Call for Discussion: New Project: Leyden

Andrew Dinn adinn at
Thu Jun 4 09:17:38 UTC 2020

I would like to throw in a general point here based on my experience of
working with Graal and the SubstrateVM for some time, perhaps at the
risk of hijacking this current direction of travel (for which, apologies).

In my experience the notion of a 'static' image which provides the sort
of footprint and startup improvements that Graal has shown to be
possible while still retaining the dynamic load/link capabilities that
the JVM provides (i.e. discarding the closed world assumption) appears
to reside in the same ontological category as the King of France or the
unicorn horn. Indeed, I suspect it may even be a square, round cupola.

Graal derives almost all of its space/time reductions relative to the
dynamic JVM from being able to discard great swathes of class metadata
and class initialization. A closed world assumption is critical to the
validity and comprehensive applicability of both those dietary regimes.

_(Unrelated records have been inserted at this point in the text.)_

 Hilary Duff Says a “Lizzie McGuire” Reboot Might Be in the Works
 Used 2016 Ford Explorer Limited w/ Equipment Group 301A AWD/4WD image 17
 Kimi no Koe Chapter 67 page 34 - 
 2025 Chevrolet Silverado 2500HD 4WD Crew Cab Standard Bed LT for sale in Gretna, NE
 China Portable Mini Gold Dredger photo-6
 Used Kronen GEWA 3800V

Under that assumption almost all of the details of the loaded class base
are simply not needed at runtime. All decisions which depend on what
classes are present and how they are structured are baked in at compile
time. A great deal of initialization code and resulting static data can
be compressed out of VM startup by performing the necessary init at
build-time and embedding only the (runtime-) referenced static field
values and objects in a pre-populated heap, some of that data read-only,
some of it read-write. n.b. that's just as much an option for app data
as it is for JDK data. With a dynamic runtime it is much harder to
determine 1) whether or not a static field might be referenced and
(worse) 2) whether it's value might get computed differently from the
value derivable at build-time, due to intermediate loading of dynamic code.

The Graal 'static' image compiler also contributes significantly to
improvement of image code size and speed when compared to the OpenJDK
AOT compiler (also, at present, the Graal compiler in a very different
configuration). The former can almost always employ direct linkage, the
latter has to use copious amounts of indirection to allow for later
update to the class base.

The Graal 'static' image compiler obviously cannot rely on runtime
feedback to improve code performance but neither can an OpenJDK AOT
compiler when generating the initial AOT code. However, the former
compiler can profit from the closed world assumption to perform a few
AOT optimizations that can only be performed speculatively on OpenJDK if
dynamic loading is to be allowed. Not all such speculative opportunities
are currently taken, mainly because not all application classes are
normally included in the compiled AppCDS suite.

Of course, if OpenJDK AOT implemented a more comprehensive reachability
analysis then it might be able to embrace many of the same speculative
optimization opportunities over a more full, known application class
suite. However, it would still need to employ more metadata and a more
indirect linkage model in order to allow for dynamic loading.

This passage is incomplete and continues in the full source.